Eady J’s has given a number of judgments in cases involving the Reynolds defence. He found for George Galloway in his libel trial against the Telegraph which had accused him of being “Saddam’s little helper” and in Saddam’s pay. His decisions in Lukiowiak -v- Unidad Editorial SA (finding Reynolds did apply to a book alleging the claimant had shot an Argentinean soldier on the day the Argentineans surrendered) and in Roberts v Gable  EWHC 1025 (QB) (where he held that reportage qualified privilege did apply to the allegations in the Searchlight magazine about the Claimant BNP supporters) were both upheld on appeal. However, in Jameel v Wall Street Journal  UKHL 44 he was described by Lord Hoffmann as being “hostile to the spirit of Reynolds” and his finding in favour of the Saudi Arabian businessman was reversed, the House of Lords finding that qualified privilege did apply.

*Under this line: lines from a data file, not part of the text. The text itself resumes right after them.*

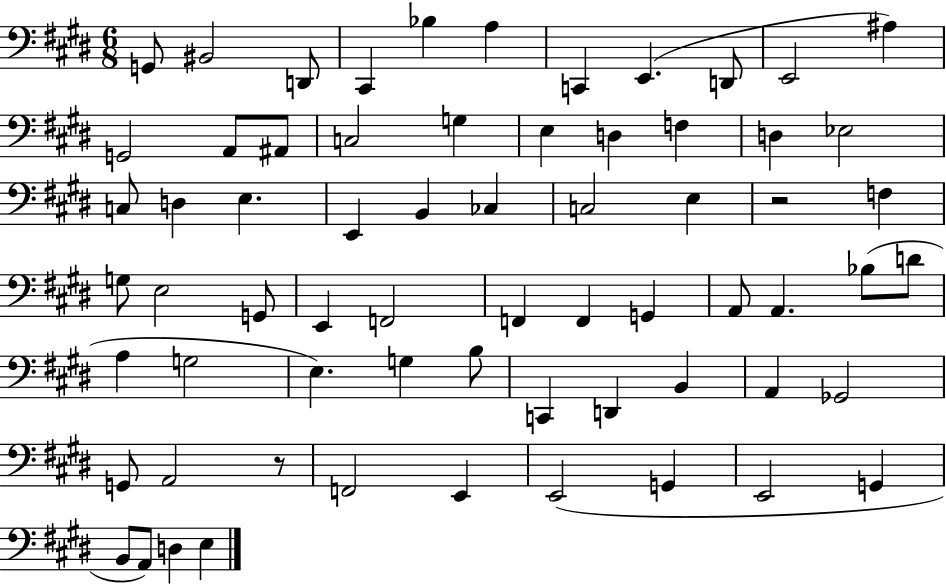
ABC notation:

X:1
T:Untitled
M:6/8
L:1/4
K:E
G,,/2 ^B,,2 D,,/2 ^C,, _B, A, C,, E,, D,,/2 E,,2 ^A, G,,2 A,,/2 ^A,,/2 C,2 G, E, D, F, D, _E,2 C,/2 D, E, E,, B,, _C, C,2 E, z2 F, G,/2 E,2 G,,/2 E,, F,,2 F,, F,, G,, A,,/2 A,, _B,/2 D/2 A, G,2 E, G, B,/2 C,, D,, B,, A,, _G,,2 G,,/2 A,,2 z/2 F,,2 E,, E,,2 G,, E,,2 G,, B,,/2 A,,/2 D, E,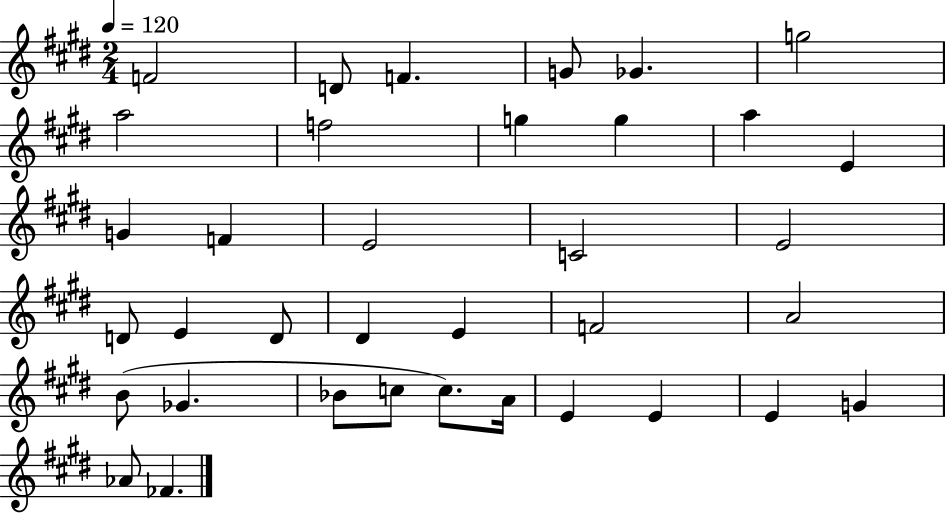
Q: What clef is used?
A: treble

Eady J heard the first cases on Offer of Amends under s2-4 of the Defamation Act 1996. Milne v Express Newspapers  EWHC 2564 (QB), Cleese v. Clark  EMLR 37 and Nail v NGN and others  EWHC 647 (QB). The principle that publishers should be given a ‘healthy discount’ as a reward for making an offer was established. His ruling in Nail was upheld on appeal. Other notable Offer of Amends cases include Winslet v Associated Newspapers  EWHC 2735 where he found that the court did have power to order a statement in open court under the offer of amends regime in Kate Winslet’s case and Turner v NGN  EWHC 892 where the newspaper had falsely claimed that Mr Turner pressurised his wife into having sex with other men and a discount of 40% was applied under the offer of amends regime.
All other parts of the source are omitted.